Basic Information
ASCII Unicode GBK: an extension of the GB2312 character set for simplified Chinese characters ISO-8859-1 Encode: Unicode $\longrightarrow$ a byte string Decode: bytes string $\longrightarrow$ characters.
Some Bullet points
- ASCII is subset of Unicode
- Standard Python strings are really byte strings,
Code sample
Encode
Both for Python2 and Python3
# Convert Unicode to plain Python byte string: "encode"
unicodestring = u"Hello world"
utf8string = unicodestring.encode("utf-8")
asciistring = unicodestring.encode("ascii")
isostring = unicodestring.encode("ISO-8859-1")
utf16string = unicodestring.encode("utf-16")
gbkstring = unicodestring.encode("gbk")
for string in [utf8string, asciistring, isostring, utf16string, gbkstring]:
print(string)
Output
b'Hello world'
b'Hello world'
b'Hello world'
b'\xff\xfeH\x00e\x00l\x00l\x00o\x00 \x00w\x00o\x00r\x00l\x00d\x00'
b'Hello world'
Decode
Python 2:
# Convert plain Python string to Unicode: "decode"
plainstring1 = unicode(utf8string, "utf-8")
plainstring2 = unicode(asciistring, "ascii")
plainstring3 = unicode(isostring, "ISO-8859-1")
plainstring4 = unicode(utf16string, "utf-16")
plainstring5 = unicode(gbkstring, "gkb")
assert plainstring1 == plainstring2 == plainstring3 == plainstring4 == plainstring5
Python3:
plainstring1 = utf8string.decode("utf-8")
plainstring2 = asciistring.decode("ascii")
plainstring3 = isostring.decode("ISO-8859-1")
plainstring4 = utf16string.decode("utf-16")

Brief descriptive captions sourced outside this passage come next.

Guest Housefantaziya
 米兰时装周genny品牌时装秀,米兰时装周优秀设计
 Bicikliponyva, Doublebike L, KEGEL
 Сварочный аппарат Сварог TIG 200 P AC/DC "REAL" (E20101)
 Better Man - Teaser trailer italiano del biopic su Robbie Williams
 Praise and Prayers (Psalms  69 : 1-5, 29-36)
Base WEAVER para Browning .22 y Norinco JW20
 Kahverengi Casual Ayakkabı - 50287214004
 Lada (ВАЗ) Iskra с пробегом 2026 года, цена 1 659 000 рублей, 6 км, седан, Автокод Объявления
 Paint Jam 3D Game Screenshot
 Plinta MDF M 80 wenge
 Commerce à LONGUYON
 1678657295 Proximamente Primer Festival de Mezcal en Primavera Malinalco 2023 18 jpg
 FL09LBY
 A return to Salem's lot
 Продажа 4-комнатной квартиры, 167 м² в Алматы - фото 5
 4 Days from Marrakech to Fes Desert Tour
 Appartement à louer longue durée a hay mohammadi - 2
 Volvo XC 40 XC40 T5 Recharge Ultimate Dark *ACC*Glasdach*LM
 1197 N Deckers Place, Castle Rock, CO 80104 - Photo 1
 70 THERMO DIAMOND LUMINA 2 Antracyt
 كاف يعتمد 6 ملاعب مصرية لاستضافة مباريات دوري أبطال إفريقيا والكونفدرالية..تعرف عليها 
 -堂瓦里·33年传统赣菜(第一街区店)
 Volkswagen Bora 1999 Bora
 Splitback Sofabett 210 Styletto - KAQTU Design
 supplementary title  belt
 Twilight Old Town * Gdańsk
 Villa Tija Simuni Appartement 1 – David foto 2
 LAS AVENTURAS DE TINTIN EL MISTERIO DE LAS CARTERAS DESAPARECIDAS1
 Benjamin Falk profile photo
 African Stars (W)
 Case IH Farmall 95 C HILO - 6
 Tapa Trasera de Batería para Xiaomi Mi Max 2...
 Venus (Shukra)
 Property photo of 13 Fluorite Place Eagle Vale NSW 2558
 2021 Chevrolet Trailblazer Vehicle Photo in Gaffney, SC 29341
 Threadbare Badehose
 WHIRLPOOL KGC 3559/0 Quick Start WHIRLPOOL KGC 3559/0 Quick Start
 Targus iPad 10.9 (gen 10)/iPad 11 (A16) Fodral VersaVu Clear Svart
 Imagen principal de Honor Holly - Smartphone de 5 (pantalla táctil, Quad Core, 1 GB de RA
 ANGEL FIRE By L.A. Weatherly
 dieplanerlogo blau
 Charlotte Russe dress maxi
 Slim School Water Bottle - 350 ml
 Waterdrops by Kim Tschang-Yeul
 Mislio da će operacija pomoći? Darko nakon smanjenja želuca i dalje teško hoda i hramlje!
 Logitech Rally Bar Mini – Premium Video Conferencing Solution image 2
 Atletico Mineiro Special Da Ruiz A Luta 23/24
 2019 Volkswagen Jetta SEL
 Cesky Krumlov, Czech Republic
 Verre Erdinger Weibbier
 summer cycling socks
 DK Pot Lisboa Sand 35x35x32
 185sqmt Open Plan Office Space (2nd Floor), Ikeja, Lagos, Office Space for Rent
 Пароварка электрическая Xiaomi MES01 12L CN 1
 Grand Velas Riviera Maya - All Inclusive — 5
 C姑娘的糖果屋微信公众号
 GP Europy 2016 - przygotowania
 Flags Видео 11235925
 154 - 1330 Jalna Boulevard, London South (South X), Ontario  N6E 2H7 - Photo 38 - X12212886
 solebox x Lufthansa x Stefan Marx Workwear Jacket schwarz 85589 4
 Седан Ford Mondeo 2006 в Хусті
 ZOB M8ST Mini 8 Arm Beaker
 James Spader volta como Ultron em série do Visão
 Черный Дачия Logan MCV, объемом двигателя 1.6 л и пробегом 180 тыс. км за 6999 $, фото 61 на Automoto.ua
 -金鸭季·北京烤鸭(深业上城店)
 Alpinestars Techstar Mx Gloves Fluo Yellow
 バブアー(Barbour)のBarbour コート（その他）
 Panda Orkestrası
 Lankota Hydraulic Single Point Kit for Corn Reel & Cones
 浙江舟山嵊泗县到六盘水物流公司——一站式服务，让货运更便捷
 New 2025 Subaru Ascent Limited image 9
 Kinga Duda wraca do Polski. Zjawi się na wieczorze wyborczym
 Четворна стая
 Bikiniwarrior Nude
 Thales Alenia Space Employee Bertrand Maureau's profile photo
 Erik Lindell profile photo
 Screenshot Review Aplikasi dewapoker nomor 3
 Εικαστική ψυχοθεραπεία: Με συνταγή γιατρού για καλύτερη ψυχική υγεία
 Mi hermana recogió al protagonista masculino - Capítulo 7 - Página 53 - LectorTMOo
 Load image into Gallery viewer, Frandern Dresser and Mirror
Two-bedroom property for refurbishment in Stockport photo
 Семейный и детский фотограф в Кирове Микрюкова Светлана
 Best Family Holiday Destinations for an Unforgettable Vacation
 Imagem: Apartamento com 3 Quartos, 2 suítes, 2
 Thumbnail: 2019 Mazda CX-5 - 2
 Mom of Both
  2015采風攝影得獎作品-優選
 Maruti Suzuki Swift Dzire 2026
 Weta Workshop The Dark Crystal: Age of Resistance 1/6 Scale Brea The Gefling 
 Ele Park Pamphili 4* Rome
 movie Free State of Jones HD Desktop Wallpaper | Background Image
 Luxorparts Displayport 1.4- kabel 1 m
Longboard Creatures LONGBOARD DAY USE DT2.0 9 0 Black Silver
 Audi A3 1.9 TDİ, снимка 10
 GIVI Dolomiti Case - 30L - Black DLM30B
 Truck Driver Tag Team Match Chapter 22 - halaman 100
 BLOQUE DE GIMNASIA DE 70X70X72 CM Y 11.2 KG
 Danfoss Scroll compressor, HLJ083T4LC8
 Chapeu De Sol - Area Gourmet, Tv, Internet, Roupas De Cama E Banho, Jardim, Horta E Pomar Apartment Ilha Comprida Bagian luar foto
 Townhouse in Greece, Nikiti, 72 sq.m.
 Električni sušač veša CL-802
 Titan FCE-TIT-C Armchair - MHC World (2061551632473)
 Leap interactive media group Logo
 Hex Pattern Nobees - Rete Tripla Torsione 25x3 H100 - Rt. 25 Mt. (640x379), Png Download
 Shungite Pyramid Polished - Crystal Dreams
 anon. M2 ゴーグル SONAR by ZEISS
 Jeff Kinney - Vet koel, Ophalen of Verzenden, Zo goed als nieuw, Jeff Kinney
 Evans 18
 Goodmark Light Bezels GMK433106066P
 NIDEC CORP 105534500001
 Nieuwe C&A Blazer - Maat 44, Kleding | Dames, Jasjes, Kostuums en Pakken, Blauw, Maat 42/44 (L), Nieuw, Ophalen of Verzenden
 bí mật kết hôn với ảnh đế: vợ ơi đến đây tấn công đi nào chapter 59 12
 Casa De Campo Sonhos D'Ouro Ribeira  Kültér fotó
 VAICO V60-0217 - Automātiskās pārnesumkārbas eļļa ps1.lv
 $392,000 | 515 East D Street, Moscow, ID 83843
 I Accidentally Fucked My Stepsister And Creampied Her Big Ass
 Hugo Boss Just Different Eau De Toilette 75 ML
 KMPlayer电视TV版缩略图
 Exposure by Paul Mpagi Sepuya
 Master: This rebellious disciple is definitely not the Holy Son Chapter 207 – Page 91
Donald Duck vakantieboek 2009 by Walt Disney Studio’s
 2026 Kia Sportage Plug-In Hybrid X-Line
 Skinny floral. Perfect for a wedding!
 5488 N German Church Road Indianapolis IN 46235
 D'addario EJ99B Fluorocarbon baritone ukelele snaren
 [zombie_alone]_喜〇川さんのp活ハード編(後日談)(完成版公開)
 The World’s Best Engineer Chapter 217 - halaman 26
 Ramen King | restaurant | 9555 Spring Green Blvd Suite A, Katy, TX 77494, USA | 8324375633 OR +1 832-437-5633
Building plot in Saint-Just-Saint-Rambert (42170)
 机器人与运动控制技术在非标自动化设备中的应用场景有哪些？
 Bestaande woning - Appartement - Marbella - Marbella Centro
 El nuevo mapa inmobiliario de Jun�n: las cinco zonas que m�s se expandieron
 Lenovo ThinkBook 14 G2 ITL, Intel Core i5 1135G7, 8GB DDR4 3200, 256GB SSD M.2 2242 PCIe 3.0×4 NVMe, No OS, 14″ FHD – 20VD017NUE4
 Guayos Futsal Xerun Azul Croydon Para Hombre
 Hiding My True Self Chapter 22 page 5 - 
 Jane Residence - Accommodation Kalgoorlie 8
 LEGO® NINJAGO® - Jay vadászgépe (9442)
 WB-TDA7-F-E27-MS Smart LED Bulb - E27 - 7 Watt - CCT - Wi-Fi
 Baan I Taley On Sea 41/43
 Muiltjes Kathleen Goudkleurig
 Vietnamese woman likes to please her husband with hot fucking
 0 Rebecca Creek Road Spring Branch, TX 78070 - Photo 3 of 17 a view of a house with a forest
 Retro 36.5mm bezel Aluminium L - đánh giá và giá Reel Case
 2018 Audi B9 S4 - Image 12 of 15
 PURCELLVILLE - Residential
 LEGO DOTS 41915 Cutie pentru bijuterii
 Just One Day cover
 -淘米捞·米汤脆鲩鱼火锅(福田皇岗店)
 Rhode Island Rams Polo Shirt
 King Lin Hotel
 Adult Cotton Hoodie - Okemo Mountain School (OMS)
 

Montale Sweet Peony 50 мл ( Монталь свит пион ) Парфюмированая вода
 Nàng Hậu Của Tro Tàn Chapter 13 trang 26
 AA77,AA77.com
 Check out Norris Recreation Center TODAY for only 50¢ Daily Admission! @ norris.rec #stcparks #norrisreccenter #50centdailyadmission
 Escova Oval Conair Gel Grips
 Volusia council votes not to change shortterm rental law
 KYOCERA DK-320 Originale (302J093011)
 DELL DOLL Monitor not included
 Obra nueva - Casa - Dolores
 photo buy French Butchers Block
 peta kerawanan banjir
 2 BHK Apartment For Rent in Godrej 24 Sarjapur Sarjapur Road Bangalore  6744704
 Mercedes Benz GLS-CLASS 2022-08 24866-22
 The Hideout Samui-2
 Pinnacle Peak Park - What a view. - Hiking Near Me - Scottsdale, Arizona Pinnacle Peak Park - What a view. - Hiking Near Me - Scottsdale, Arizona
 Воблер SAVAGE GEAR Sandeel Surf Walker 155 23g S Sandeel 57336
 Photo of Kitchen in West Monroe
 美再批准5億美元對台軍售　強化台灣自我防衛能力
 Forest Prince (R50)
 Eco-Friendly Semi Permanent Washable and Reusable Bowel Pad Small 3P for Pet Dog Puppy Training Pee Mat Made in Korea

plainstring5 = gbkstring.decode("gbk")
assert plainstring1 == plainstring2 == plainstring3 == plainstring4 == plainstring5
Length of different string
For Chinese charactor,
Input:
unicodestring = u"哈"
utf8string = unicodestring.encode("utf-8")
gbkstring = unicodestring.encode("gbk")
for string in [
unicodestring,
utf8string,
gbkstring]:
print(len(string))
Output:
1
3
2